■ Assigned task:
Without the pictures, set down the records below word for word.
(Extracted records)
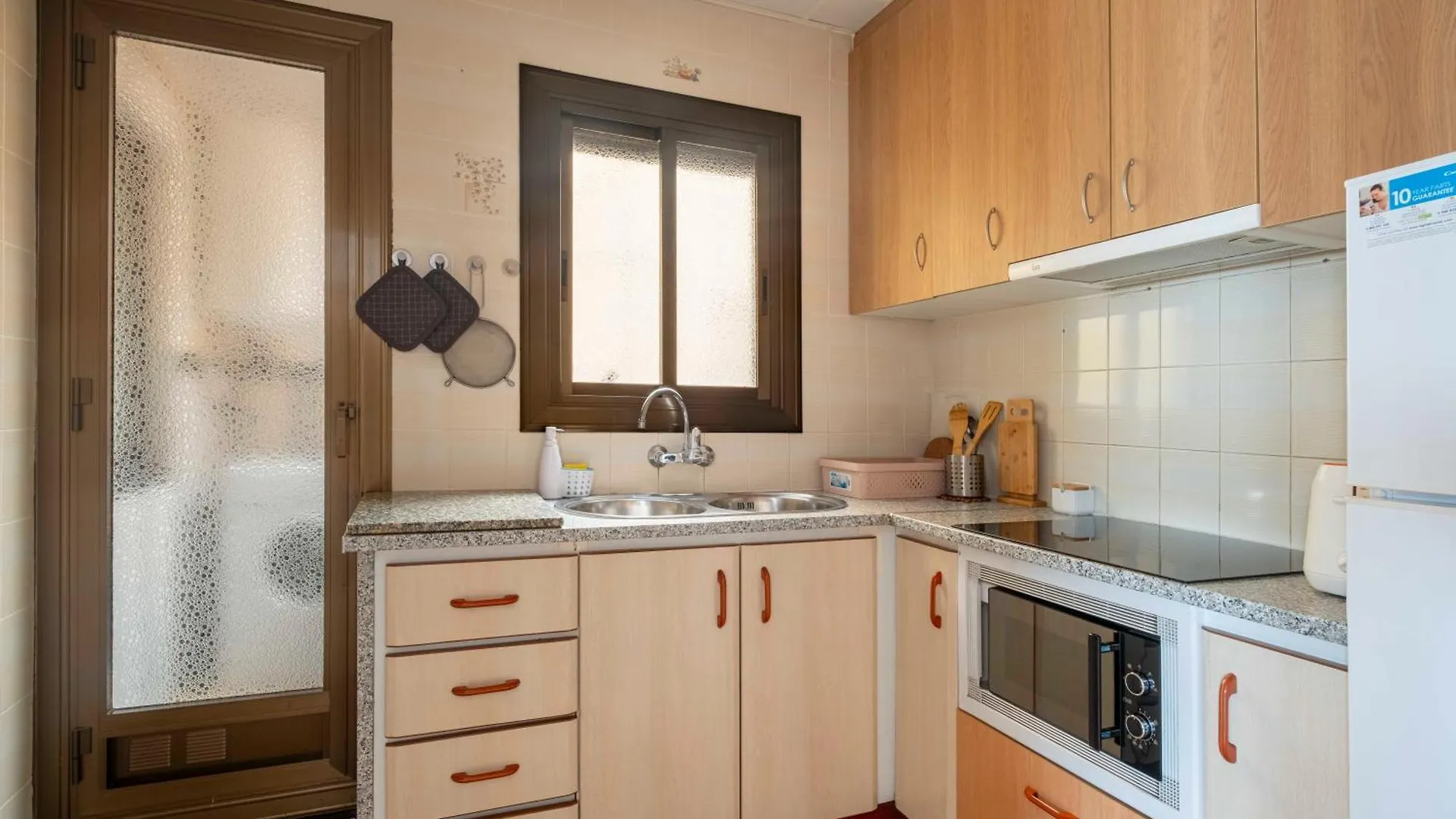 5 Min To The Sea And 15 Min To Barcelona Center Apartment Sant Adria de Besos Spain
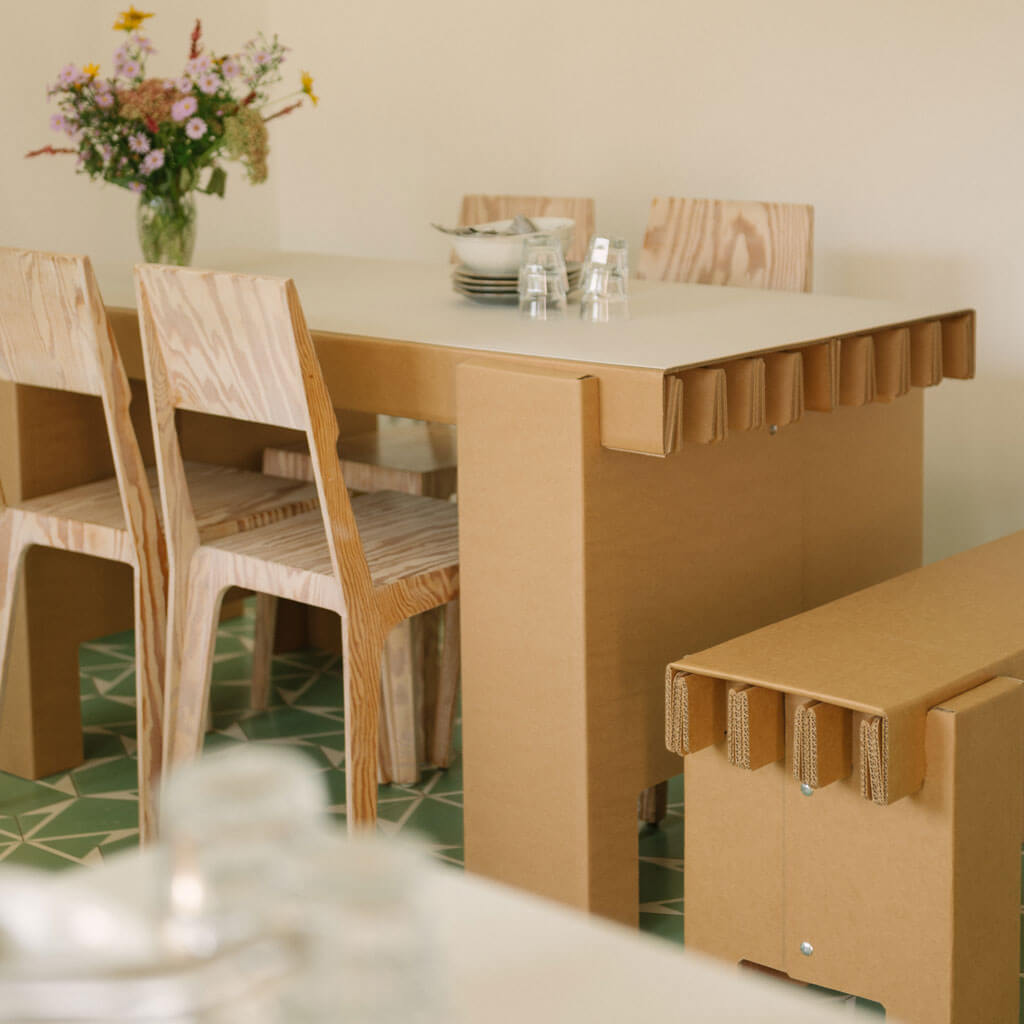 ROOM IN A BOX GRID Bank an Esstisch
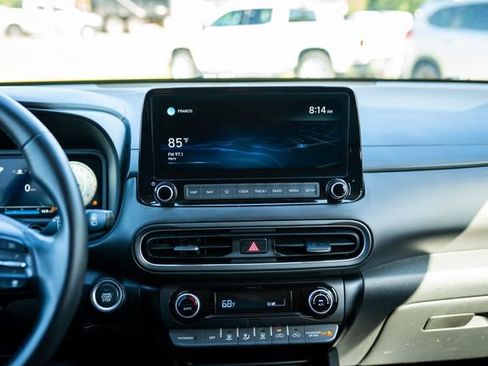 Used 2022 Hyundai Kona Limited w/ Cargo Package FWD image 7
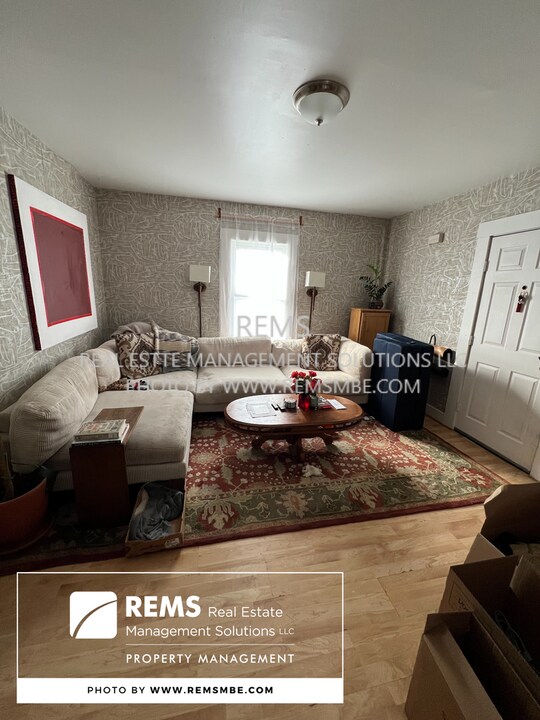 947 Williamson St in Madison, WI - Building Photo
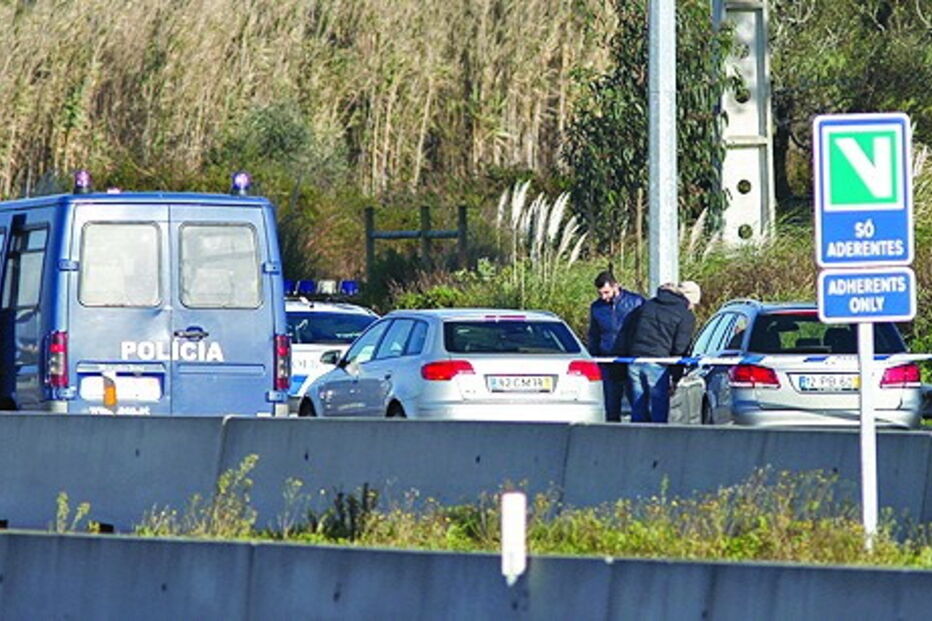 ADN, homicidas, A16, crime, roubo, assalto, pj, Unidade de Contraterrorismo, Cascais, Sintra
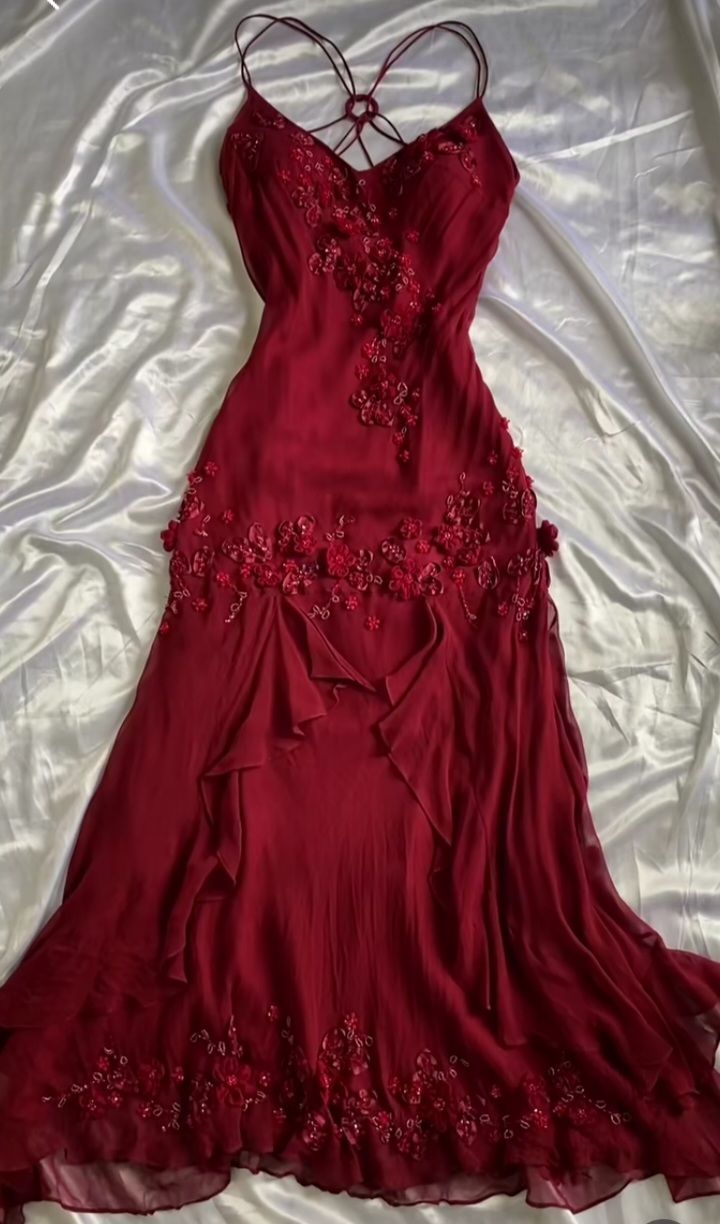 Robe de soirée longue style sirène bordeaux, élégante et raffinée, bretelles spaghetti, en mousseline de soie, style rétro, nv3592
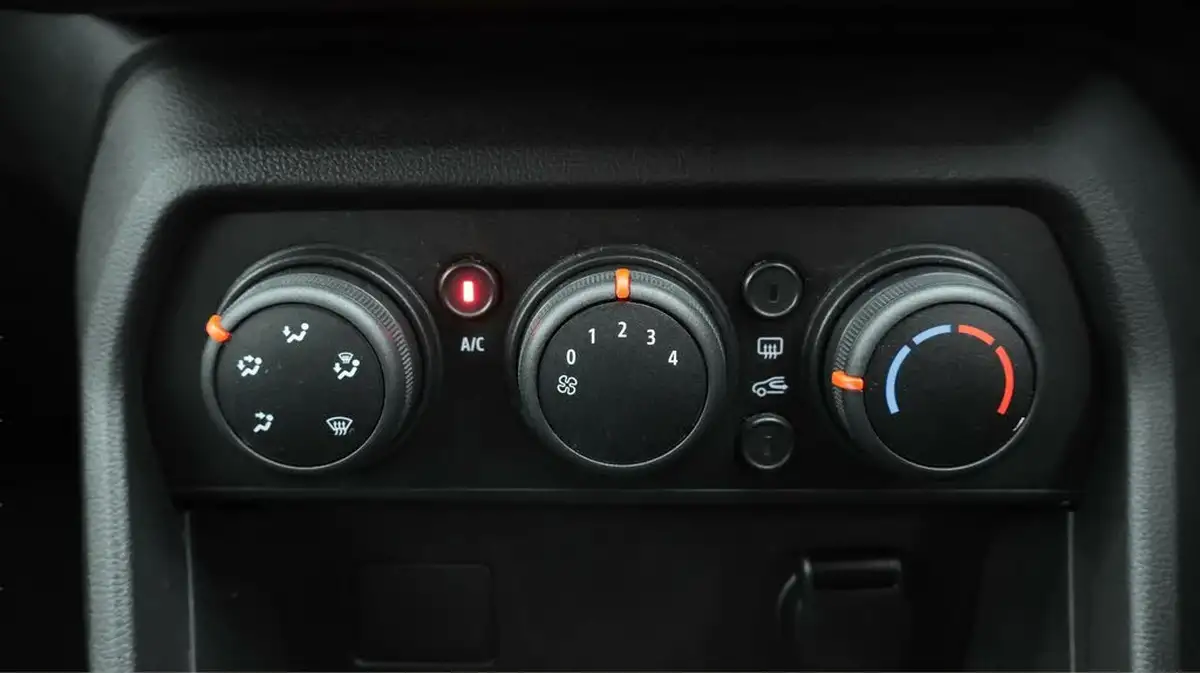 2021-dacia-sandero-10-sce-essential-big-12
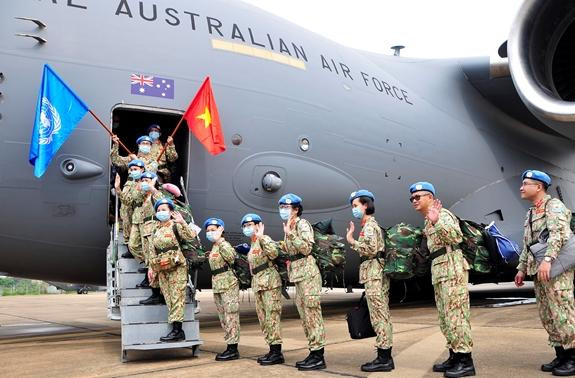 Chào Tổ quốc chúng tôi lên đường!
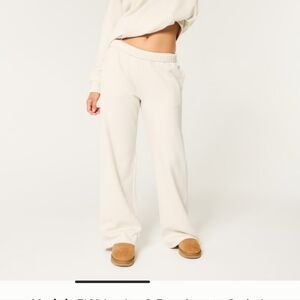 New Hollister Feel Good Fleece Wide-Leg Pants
(End Extracted records)
■ Exercise response:
 5 Min To The Sea And 15 Min To Barcelona Center Apartment Sant Adria de Besos Spain
 ROOM IN A BOX GRID Bank an Esstisch
 Used 2022 Hyundai Kona Limited w/ Cargo Package FWD image 7
 947 Williamson St in Madison, WI - Building Photo
 ADN, homicidas, A16, crime, roubo, assalto, pj, Unidade de Contraterrorismo, Cascais, Sintra
 Robe de soirée longue style sirène bordeaux, élégante et raffinée, bretelles spaghetti, en mousseline de soie, style rétro, nv3592
 2021-dacia-sandero-10-sce-essential-big-12
 Chào Tổ quốc chúng tôi lên đường!
 New Hollister Feel Good Fleece Wide-Leg Pants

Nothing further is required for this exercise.